Not quite downtown, but 1045 Bryant Street is in default. The $12.5M mortgage on the property was transferred to a special servicer in August.
Other buildings on the market or soon to close (both of these are owned by Blackrock):
650 Davis Street. A 294,000 foot, three-building office complex is in contract for approx. $90M (or $306 per foot). This property last sold in 2018 for $245M.
600 Townsend Street. A 216,000 foot building will come to market shortly; the expected asking price is in the $60M range, or $290 per foot.
A lot of downtown brokers are playing up the “huge discounts” on many available buildings. Sadly, I don’t see it that way. The value of the asset is tied to (its) ability to generate cash flow from tenants today. The office market, political and business dynamic are shaping the values; and that value is coming in somewhere between $100 and $300 per foot, depending on the class of the building. This is the downtown world of San Francisco today.
On to the rental market. First, hopefully you remembered San Francisco’s Covid-19 tenant protections expired on Aug. 29. After the statewide Covid-19 eviction moratorium ended in July 2022, the Board of Supervisors passed an ordinance stating San Francisco tenants couldn’t be evicted for owing rent due during certain periods of the pandemic. But for rent due on or after Aug. 29, that’s no longer the case. It’s important to note that it does not mean a tenant is automatically evicted — that can only be decided in court.

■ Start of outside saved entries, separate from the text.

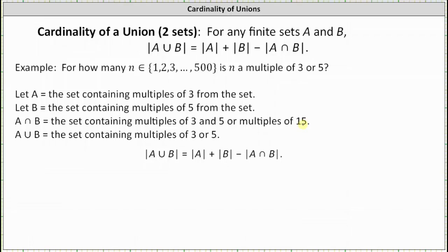Because we're looking for the number of multiples of three or five, we're looking for the cardinality of A union B — the number of elements that are multiples of three or five — which equals the cardinality of A plus the cardinality of B minus the cardinality of A intersect B. The cardinality of A is the number of multiples of three, the cardinality of B is the number of multiples of five, and the cardinality of A intersect B is the number of multiples of three and five, or multiples of 15.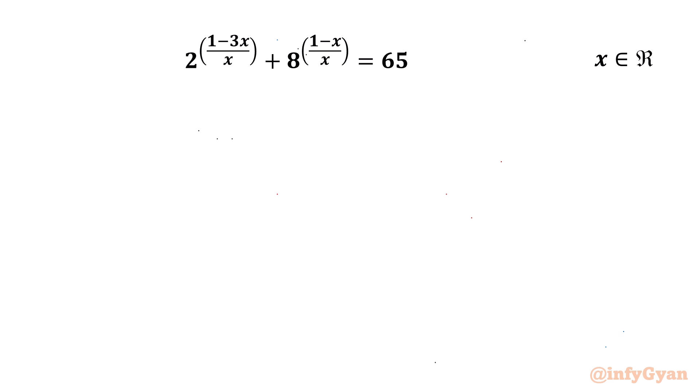Welcome back to InfiGyan, my dear friends. In this video we are going to solve one very interesting exponential equation for the real values of x: 2 raised to the power (1 minus 3x) over x, plus 8 raised to the power (1 minus x) over x, equal to 65.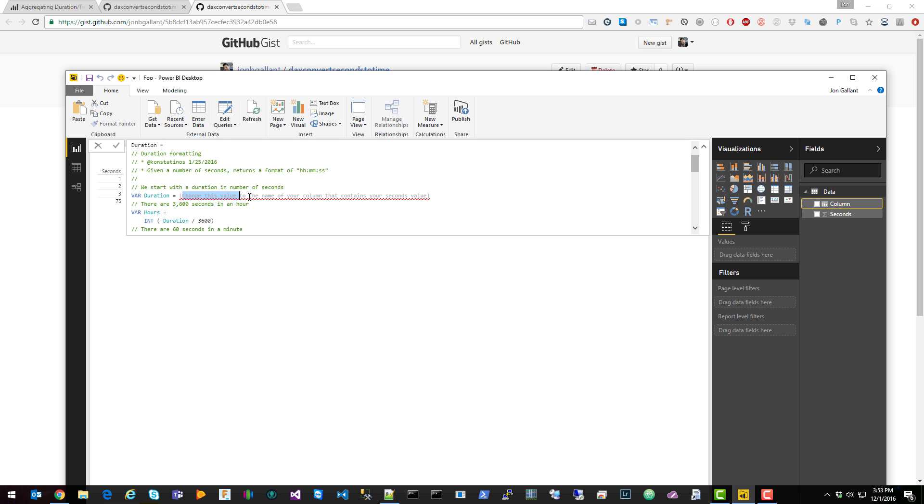The thing you're going to want to change here is the column name. Mine is seconds. And then just click the green check here.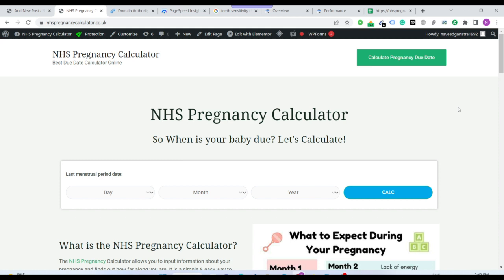See this is one of my websites, the domain is nhspregnancycalculator.co.uk. So obviously this is a UK domain, so my target audience is UK in this website.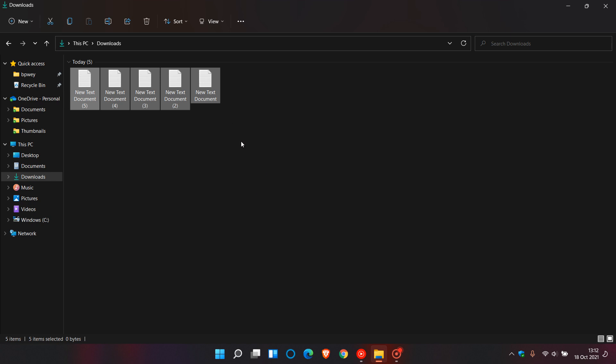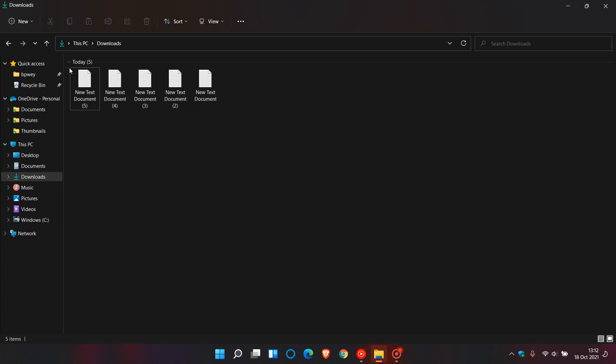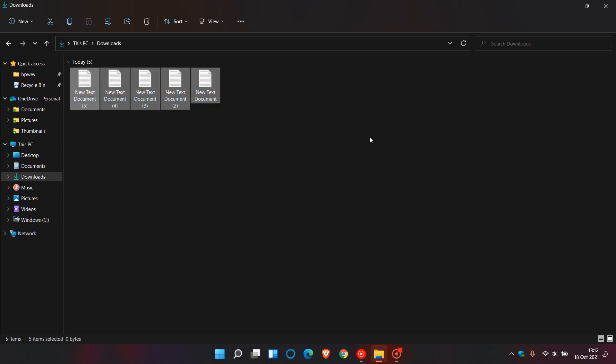Apparently, there's hard memory usage and performance issues with this function on certain users' machines when they try to drag and select different files.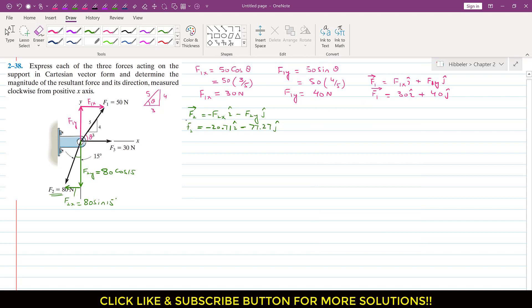For F3, it is acting only in the positive x direction. So F3 vector = F3x i + F3y j, where F3x equals F3 = 30 N and there is no F3y component. So F3 vector = 30i.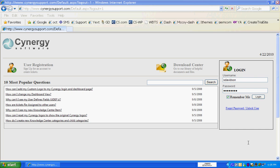What I'm going to show you in about 90 seconds is how easy it is to put a ticket into Synergy software.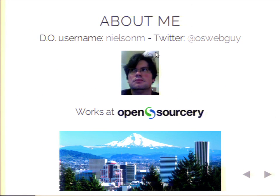My D.O. username is NielsenM, and my Twitter handle is oswebguy, because NielsenM on Twitter is actually a Danish guy, so I wish I could have gotten that handle. I work at OpenSourcery in sunny Portland, Oregon.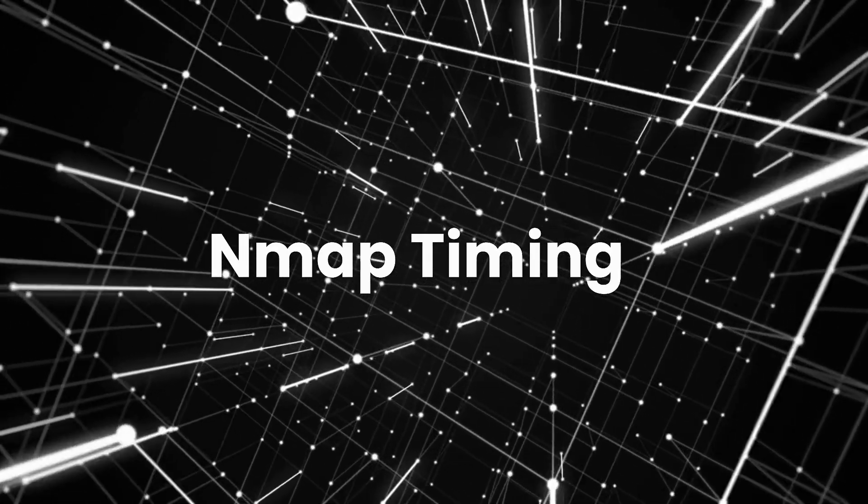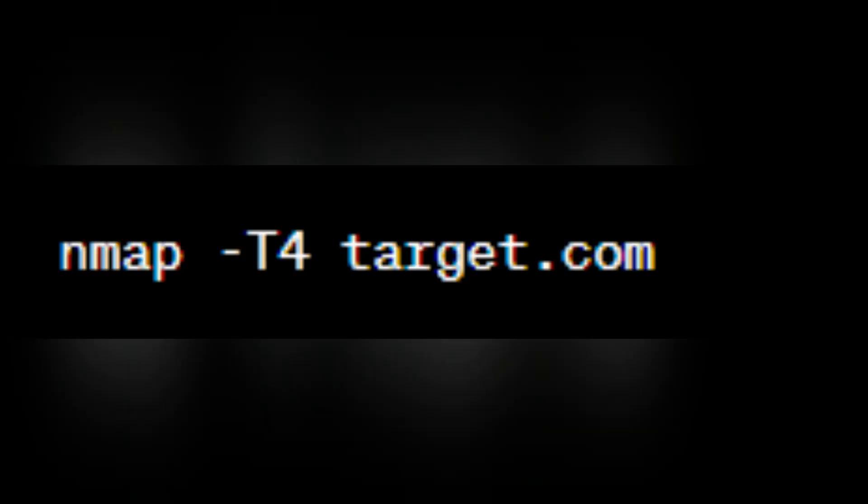Nmap timing templates. Next we have the nmap timing templates. Picture yourself as a time wizard, controlling the speed of your scanning spell. Nmap has 6 timing templates that can help control the speed of your scans. Here's how you invoke this magic. In this command, T4 represents one of the timing templates. The templates range from T0, which is slow and stealthy, to T5, which is fast and aggressive.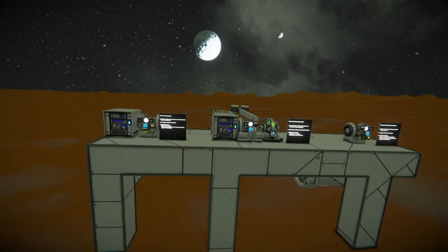Hello, greetings engineers! Bob here, and today I wanted to share some of the things that I've introduced onto my station.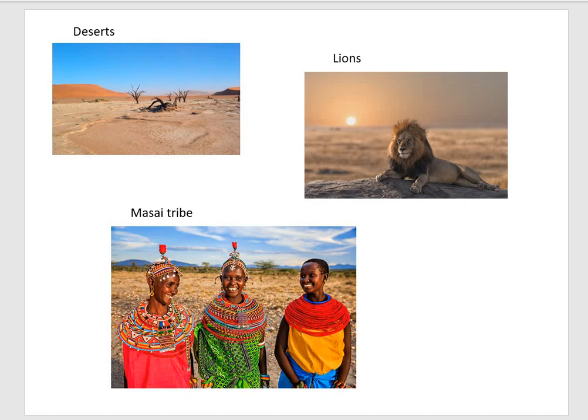This lesson is about thinking about what our perceptions of Africa are like and asking ourselves how true they are and what we're basing them on. I've got a couple of examples coming up of what we mean by perception.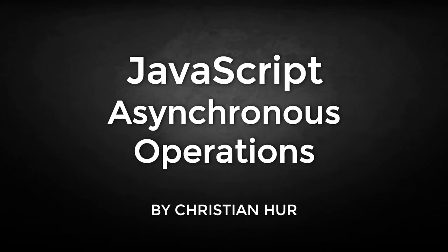Hello, this is Christian and welcome. In this video I'll be talking about the asynchronous operations in JavaScript. So let's see what that's all about.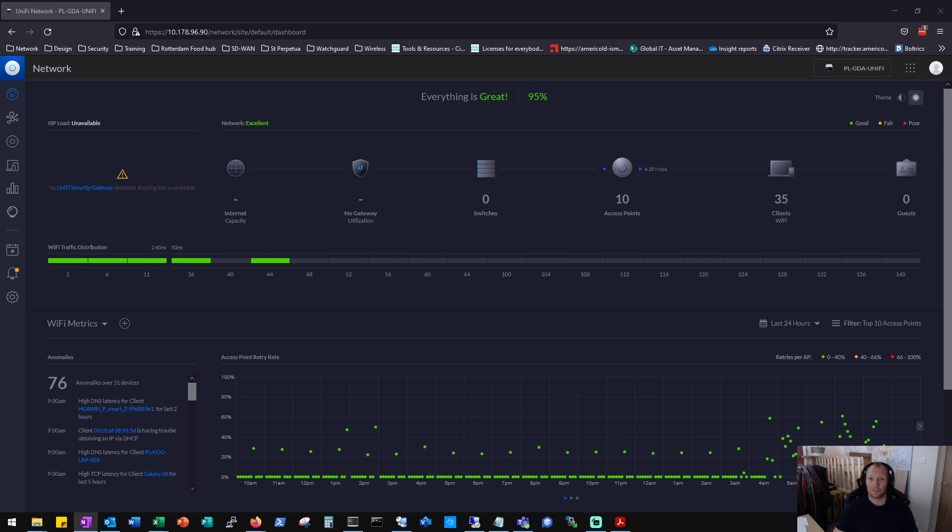Welcome back to the channel. Just a quick video here to go over an issue that I came across recently using UniFi wireless controller and access points.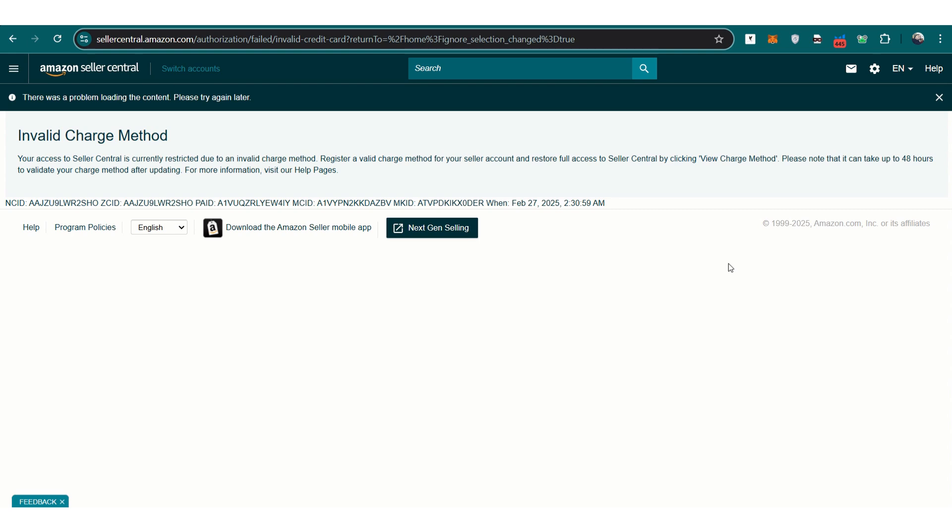Resolving the invalid charge method issue is straightforward. Keep an active credit card on file, ensure your bank authorizes Amazon transactions, and be mindful of timing when making banking changes. With these steps, your account should be back to normal quickly.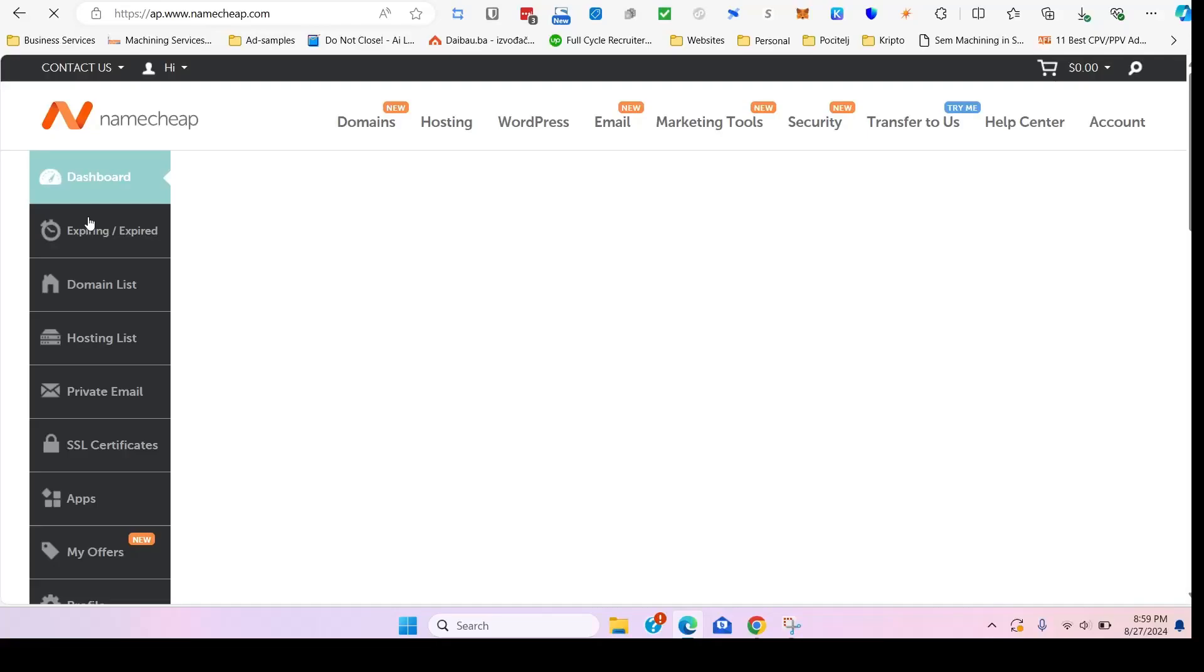All right guys, welcome back. So today we're going to try to transfer a domain name from Namecheap over to Hostinger, and we will back up the WordPress website that's currently on Namecheap and move it over to Hostinger.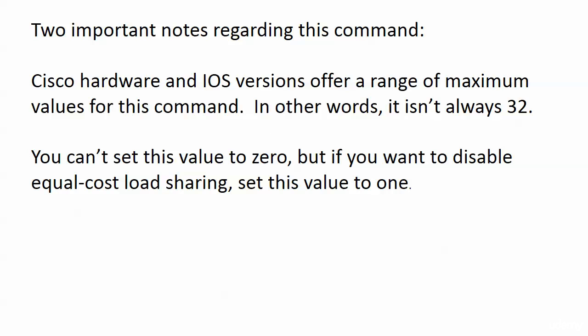What's going on? It's not always going to be 32. Again, I just put a note on the board. Something I mentioned while we were there: if you want to disable equal-cost load sharing for any reason, just go ahead and set that value to one.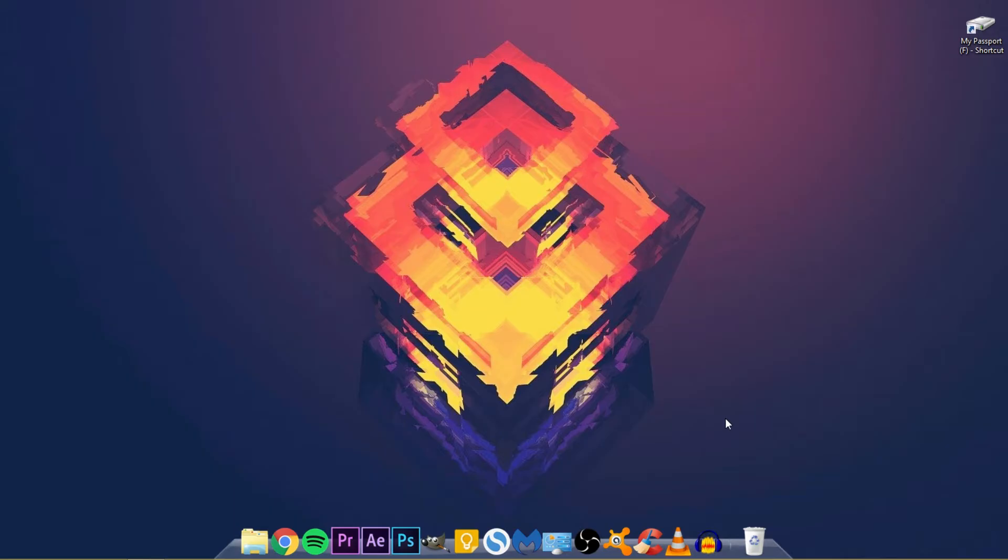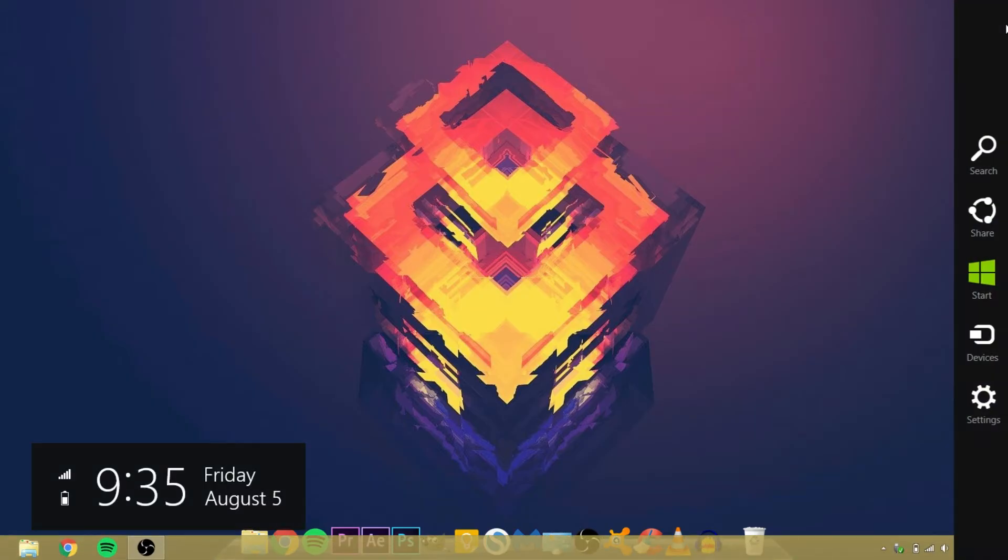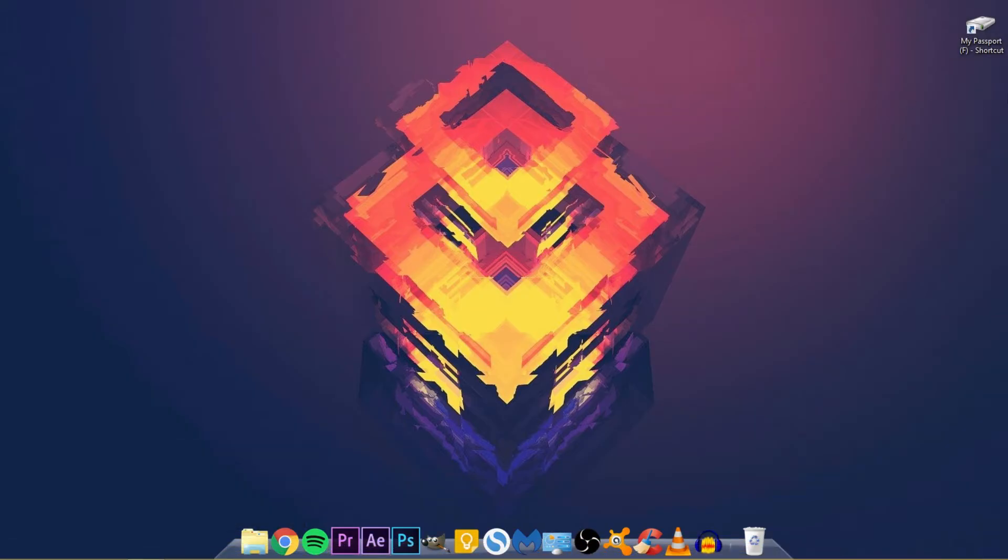I changed a couple things around. I used to have some folders right here. I got rid of those folders.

Consult your attorney if you still have non-paying tenants.
Looking at apartment properties, a buyer has been selected for the huge $940 million mortgage portfolio tied to 2,149 San Francisco apartments controlled by Veritas Investments and its partners. Ballast Investments is poised to take over ownership of 75 apartment buildings and become one of the city’s biggest real estate players. Brookfield Corp, a Canadian investment firm is partnering with Ballast and is expected to provide the financing on the transaction. Brookfield is no stranger to San Francisco; on the mall front, they (Brookfield and its partner Westfield) defaulted on the loan for the San Francisco Centre Mall. They also face a $180 million loan deadline in October for the Stonestown Galleria.
As I mentioned earlier, rents are fairly stable. The weighted average asking rent for an apartment in San Francisco has held at ~$3,600 a month. This is the sixth continuous month (at that number) and is 4% lower than at the same time last year.
The weighted average asking rent in San Francisco is still 12% lower than prior to the pandemic
19% below its 2015-era peak of nearly $4,500 a month
The average asking rent for a one-bedroom in San Francisco inched up to $3,050 a month, which is 1% higher than at the same time last year but still 13% lower than prior to the pandemic and 18% below peak.
The number of apartments listed for rent in San Francisco is now 40% higher than at the same time last year, with nearly 60% more studios and one-bedrooms on the market.
What parts of San Francisco are experiencing a resurgence in rents? The Outer Sunset could even be described as booming, with a 15.7% increase in rents since February 2020, which nets out to a median rent of $2,580 for a one-bedroom. Also, rents in Dogpatch have grown 7.7% year over year. It’s the most expensive place to rent in the city, with a median one-bedroom rent of $3,790. On the north side, Cow Hollow rents are 14.8% higher this year when compared with the same period in 2022.